- To do
Please repeat the lines below, exactly and only, from the one that holds "Howard Miller Rafe" through the one that holds "2023 Topps Chrome".

- Source material
*** Begin section ***

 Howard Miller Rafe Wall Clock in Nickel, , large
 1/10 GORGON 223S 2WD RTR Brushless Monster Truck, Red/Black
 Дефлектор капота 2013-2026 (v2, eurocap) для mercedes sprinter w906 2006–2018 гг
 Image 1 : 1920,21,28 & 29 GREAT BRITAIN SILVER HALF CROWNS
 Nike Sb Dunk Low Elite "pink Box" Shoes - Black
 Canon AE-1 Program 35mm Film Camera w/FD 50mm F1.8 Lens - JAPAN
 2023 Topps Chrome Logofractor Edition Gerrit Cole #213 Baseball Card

*** End section ***
*** Begin section ***

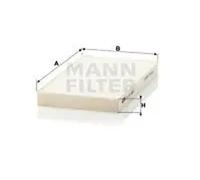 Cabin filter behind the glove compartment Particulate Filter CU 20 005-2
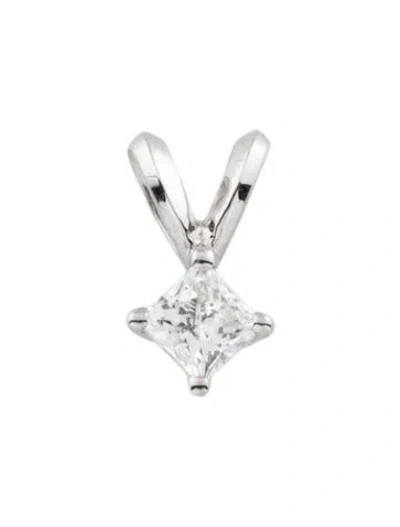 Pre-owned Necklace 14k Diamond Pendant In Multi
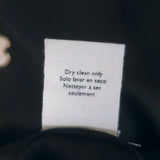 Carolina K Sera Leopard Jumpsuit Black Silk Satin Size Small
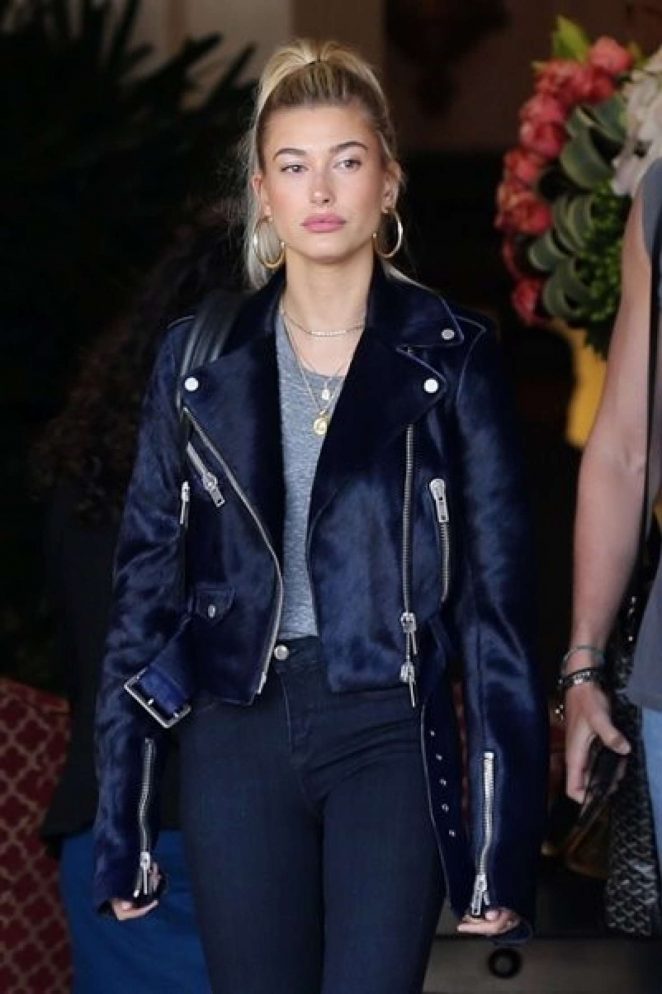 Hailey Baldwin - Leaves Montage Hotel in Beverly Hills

*** End section ***

- The answer
 Howard Miller Rafe Wall Clock in Nickel, , large
 1/10 GORGON 223S 2WD RTR Brushless Monster Truck, Red/Black
 Дефлектор капота 2013-2026 (v2, eurocap) для mercedes sprinter w906 2006–2018 гг
 Image 1 : 1920,21,28 & 29 GREAT BRITAIN SILVER HALF CROWNS
 Nike Sb Dunk Low Elite "pink Box" Shoes - Black
 Canon AE-1 Program 35mm Film Camera w/FD 50mm F1.8 Lens - JAPAN
 2023 Topps Chrome Logofractor Edition Gerrit Cole #213 Baseball Card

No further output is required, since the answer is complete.